Being the mother of three young boys is mostly chaotic... and when I say chaotic I mean borderline insanity. Sometimes I feel like I'm running a crazy house.
Don't get me wrong, I dare say my boys are good boys. At least, in public they usually behave (although the primary presidency may tell you otherwise).
It's all about jumping, and climbing and building and destroying and bugging each other and potty talk and running and yelling and laughing and trying to scare each other and jumping (did I say that already) and whining and making loud noises, and making loud rude noises, and teasing and testing and chasing and wrestling...
But they love each other.
I know, it's still weird to me how boys relate to one another. They don't hold a grudge no matter how many times one bugs or physically (usually accidentally) hurts the other - 5 minutes later, once they've cooled off, they're best friends again.
But they sure love their momma.
I am well looked after. When I'm sad, my second born is usually the first to notice and will tell me it's okay and sing me a song that will "make [me] feel better". Hugs and kisses never really stop (at least they haven't yet!). My first born is incredibly helpful when he wants to be and when he's having a hard day all he usually needs is a hug from mom or a man-to-man pep talk from dad - then he's right back to his awesome self. And my 15 month old is as precious as they come... what's not to love about giggles and smiles and happiness. Oh yeah, and did I mention we're expecting baby boy #4 in November? (Quite possibly the reason for all the pondering about the inner working of little boys).
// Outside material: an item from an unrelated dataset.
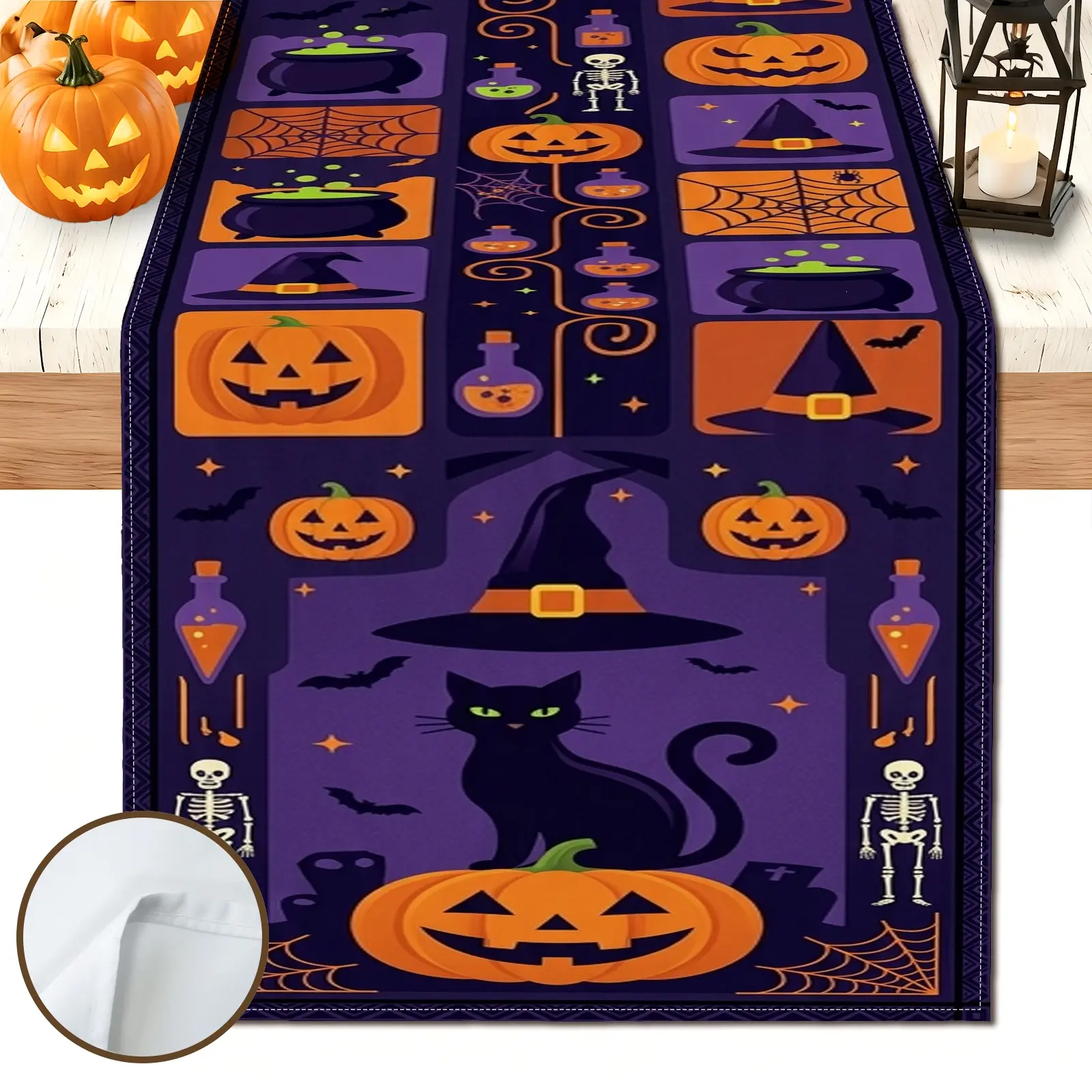 1pc Pumpkin Cat Skeleton Halloween Table Runner, Cute Halloween Style, Seasonal Graphic Print, for Dining Table Halloween Party Home Decor Fall Decor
More often than not, though, life is pure, unadulterated lawlessness.
I can't speak from experience, but I imagine girls are a little different. (I was a teenage girl and so far I count my lucky stars that that won't be coming full circle - at least it's not in the cards yet!)
So in all honesty, I love the chaos.
They are my little guys that are creating memories, learning and growing from their "hands-on" experiences.
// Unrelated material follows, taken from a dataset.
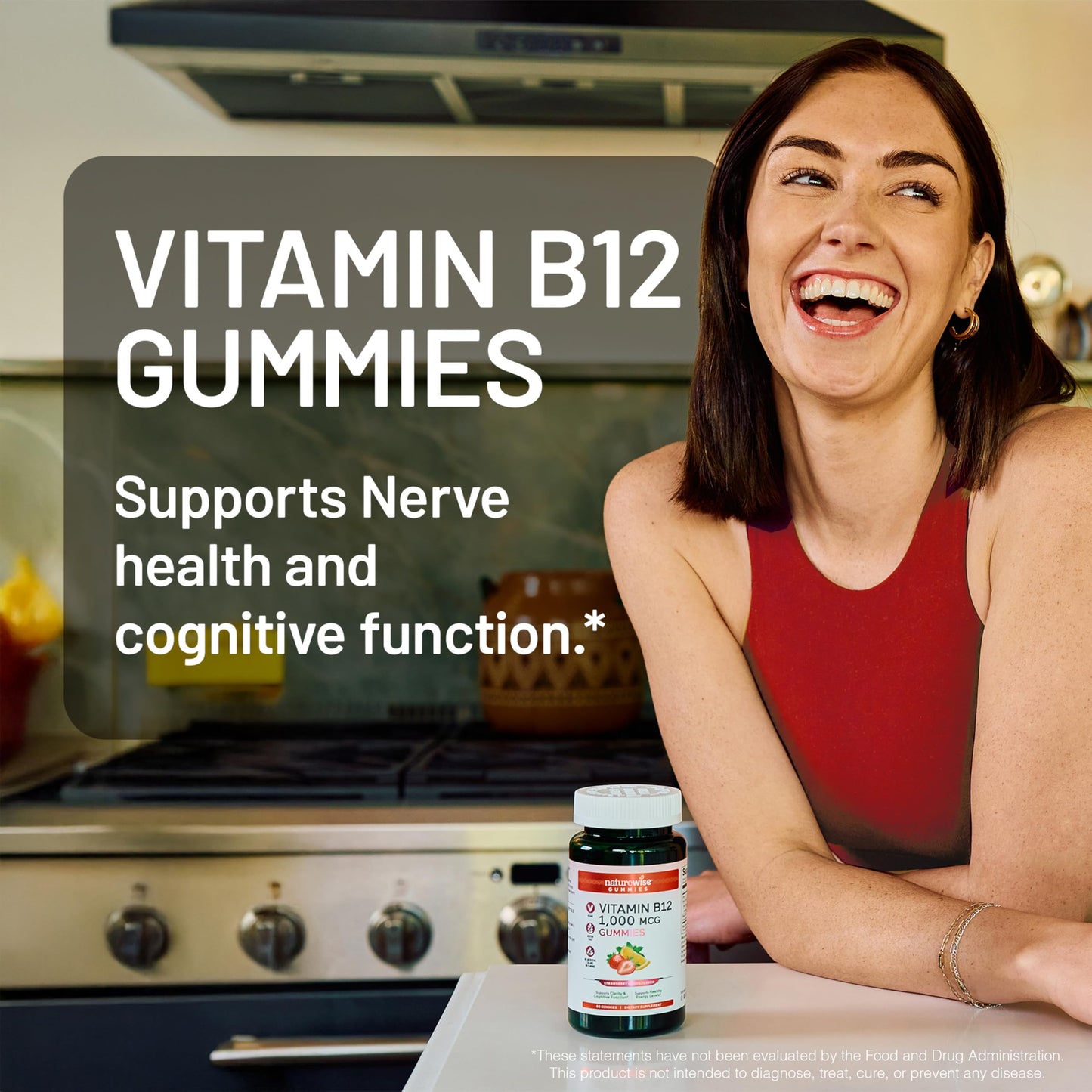 Gomitas deliciosas vitamina B12 NatureWise para adultos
Of course, there are moments of peace (yes, usually when they are sleeping). There are countless tender moments of sweet conversation and story telling. There are moments of relaxing and cloud watching. There are endless moments of quiet learning and teaching.
There really are moments when I can take deep breaths and thoroughly enjoy them...
...but usually they are running around with underwear on their heads.